By Sky Tucker
The Scene staff
Anyone remember when I wrote about the parallels between President Donald Trump and Adolf Hitler?
Well, on Jan. 26, the U.S. Department of Justice released more than three million pages of documents from the Jeffrey Epstein investigation. After looking through some of them on my own, I cried for three days straight.
All I could think was, “How can people be so evil?”
Then I joined Project Rectitude, a group created by David Freeborn made up of concerned citizens hellbent on bringing this information to light and holding these monsters accountable.
Aside from Freeborn’s Instagram account (@davidfreeborn), where he posts some of the group’s findings, there are also two YouTube accounts: Project Rectitude and Radio Rectitude.
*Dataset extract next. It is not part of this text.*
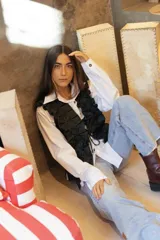 Top tipo chaleco confeccionado en tweed con apliques de lino que generan volumen y movimiento. Presenta un diseño frontal con cintas para atar y un ajuste entallado.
Unfortunately, the former was shadow-banned after reaching 1,000 subscribers. That’s why the second account was created.
With Project Rectitude, I’ve analyzed 260 files marked “No images produced,” a process complicated by DOJ file deletion and website reshuffling. So far, I’ve found four duplicate sets and 105 unconvertible files.

Additionally, I discovered hidden-camera footage from Epstein’s Palm Beach residence, which Channel 4 News and MSN reported on back in February. It was converted to avi, then cut into thousands of still frames prior to being scattered as pdf files on the DOJ website, making it impossible to view the frames via video-editing software.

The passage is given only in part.